* **Task details**
The stretch wanted below opens at the line containing "Snowy winter Christmas" and closes at the line containing "Obraz premium Overhead". Please return it exactly, with no other lines.

* **Exercise material**
================================
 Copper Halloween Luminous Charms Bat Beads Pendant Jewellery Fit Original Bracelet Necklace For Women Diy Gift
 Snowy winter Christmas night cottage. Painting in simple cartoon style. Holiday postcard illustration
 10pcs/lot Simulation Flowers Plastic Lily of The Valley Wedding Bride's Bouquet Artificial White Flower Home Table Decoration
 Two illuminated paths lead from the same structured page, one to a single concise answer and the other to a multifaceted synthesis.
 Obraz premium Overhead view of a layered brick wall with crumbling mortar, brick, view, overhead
================================
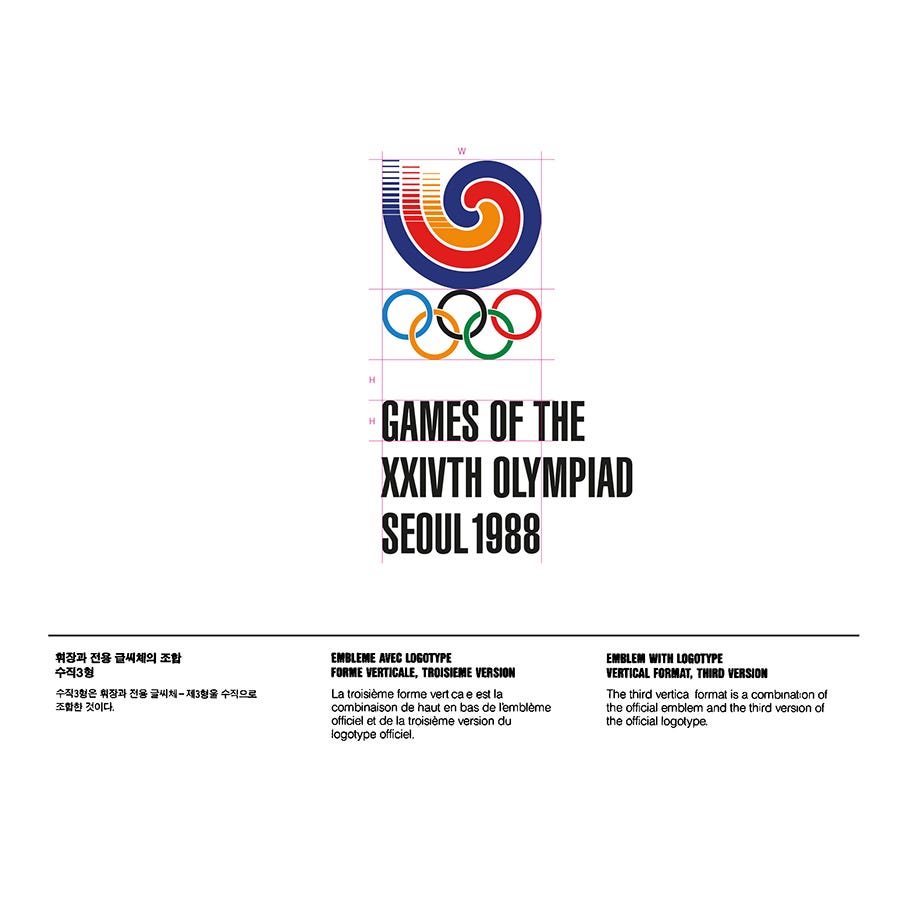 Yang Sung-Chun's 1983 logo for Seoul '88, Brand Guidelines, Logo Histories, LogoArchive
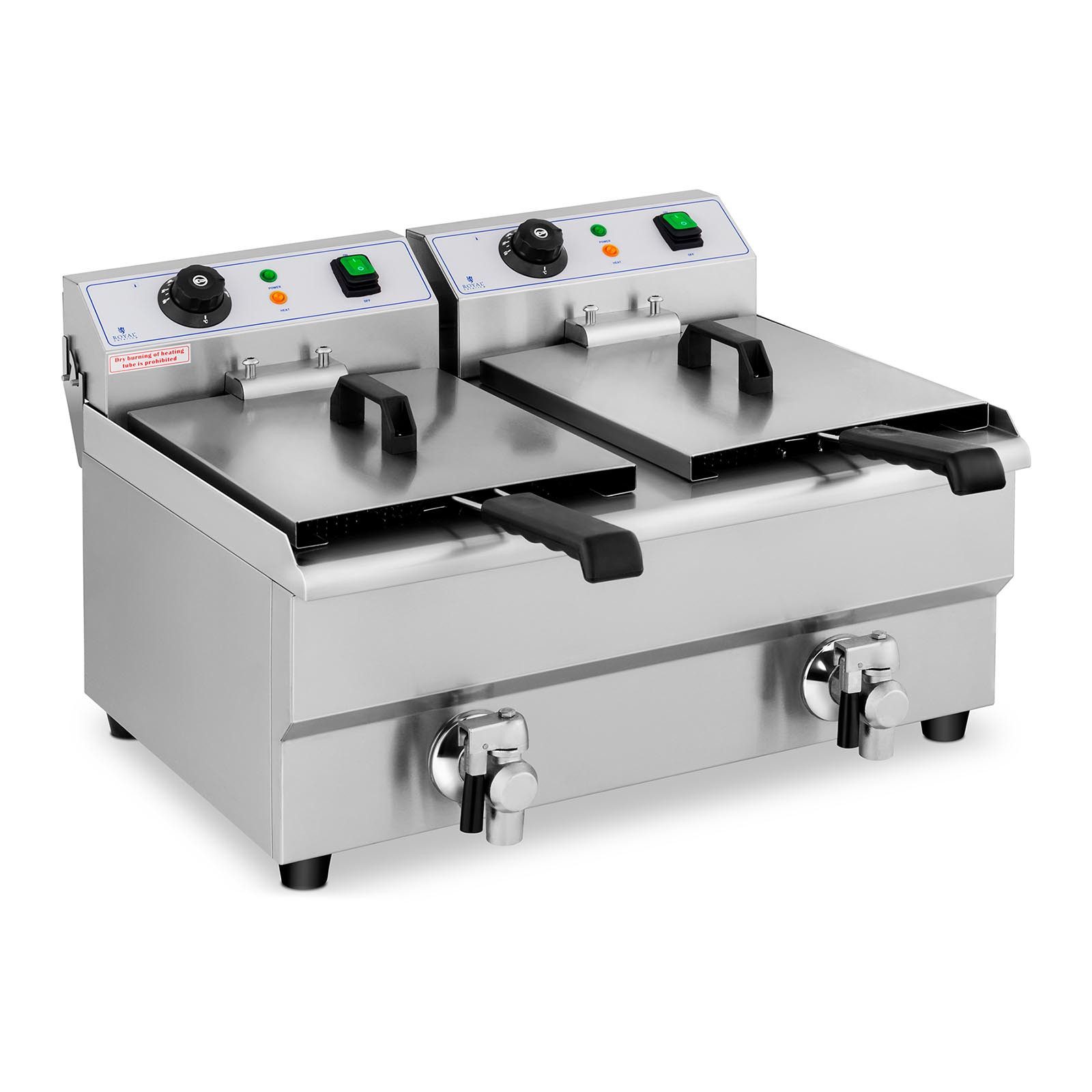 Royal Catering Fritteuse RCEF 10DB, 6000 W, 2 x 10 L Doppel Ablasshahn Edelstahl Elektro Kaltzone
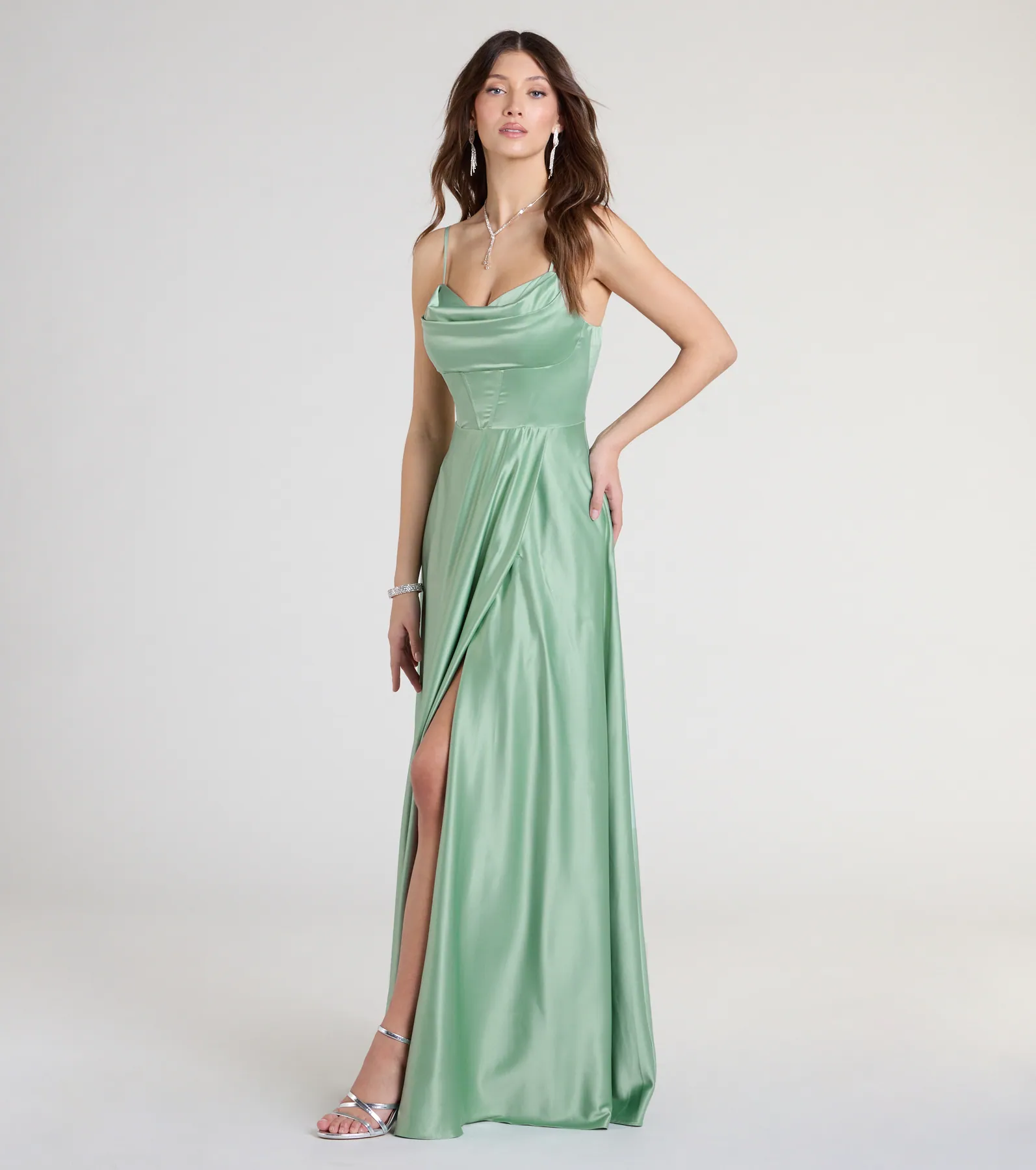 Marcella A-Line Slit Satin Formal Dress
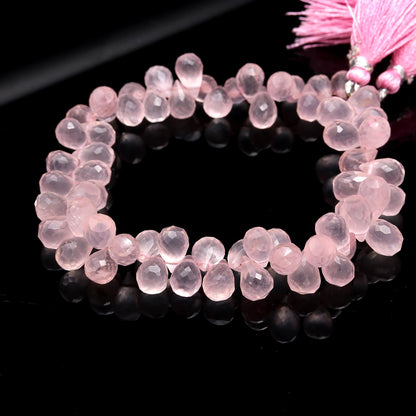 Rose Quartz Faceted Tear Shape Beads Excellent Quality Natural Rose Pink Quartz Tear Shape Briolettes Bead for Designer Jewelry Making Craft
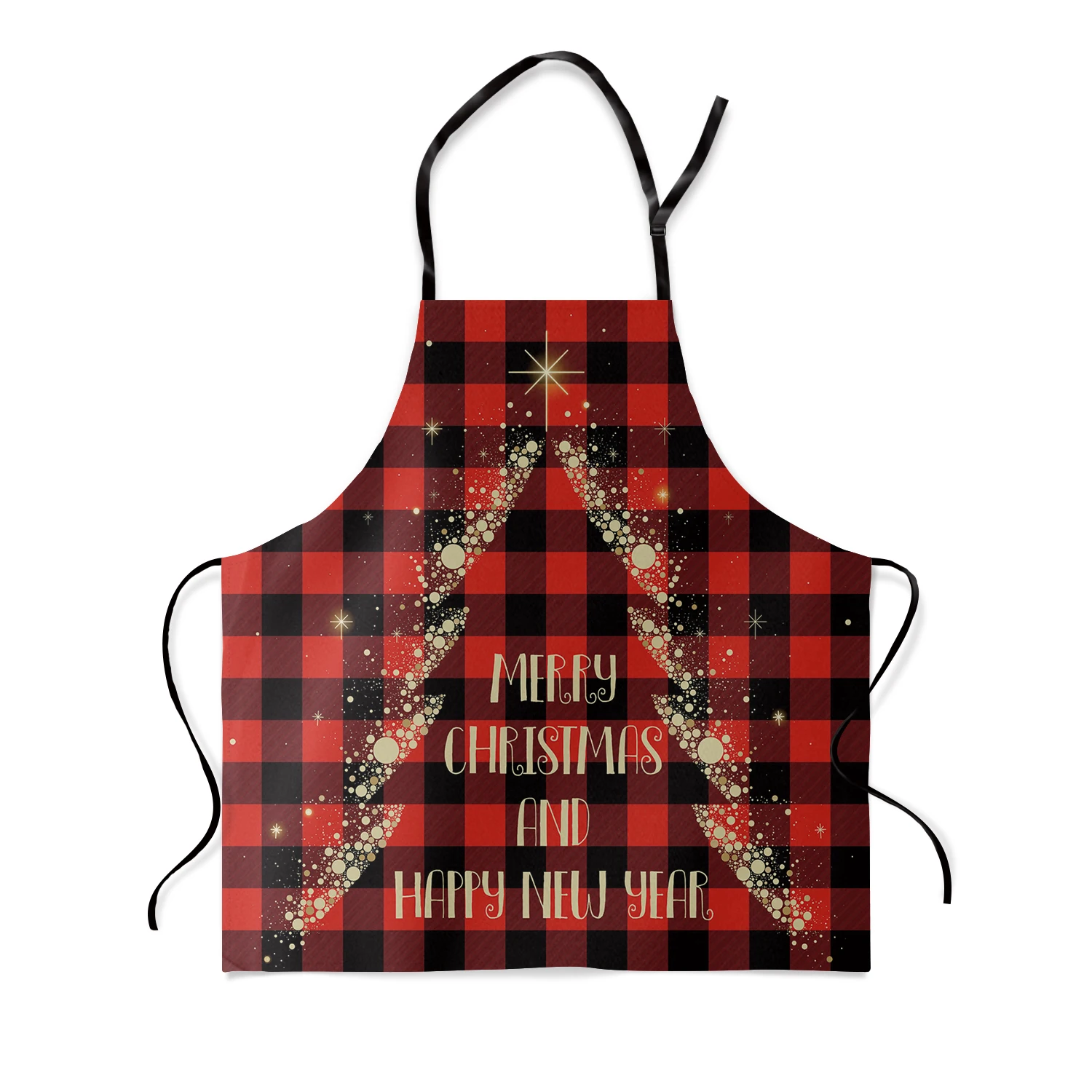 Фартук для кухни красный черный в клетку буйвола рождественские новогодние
================================
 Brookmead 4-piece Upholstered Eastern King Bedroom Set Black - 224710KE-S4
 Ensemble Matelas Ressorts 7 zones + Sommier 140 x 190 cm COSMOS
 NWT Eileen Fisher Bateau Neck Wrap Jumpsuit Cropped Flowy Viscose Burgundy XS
================================
* **Answer**
 Snowy winter Christmas night cottage. Painting in simple cartoon style. Holiday postcard illustration
 10pcs/lot Simulation Flowers Plastic Lily of The Valley Wedding Bride's Bouquet Artificial White Flower Home Table Decoration
 Two illuminated paths lead from the same structured page, one to a single concise answer and the other to a multifaceted synthesis.
 Obraz premium Overhead view of a layered brick wall with crumbling mortar, brick, view, overhead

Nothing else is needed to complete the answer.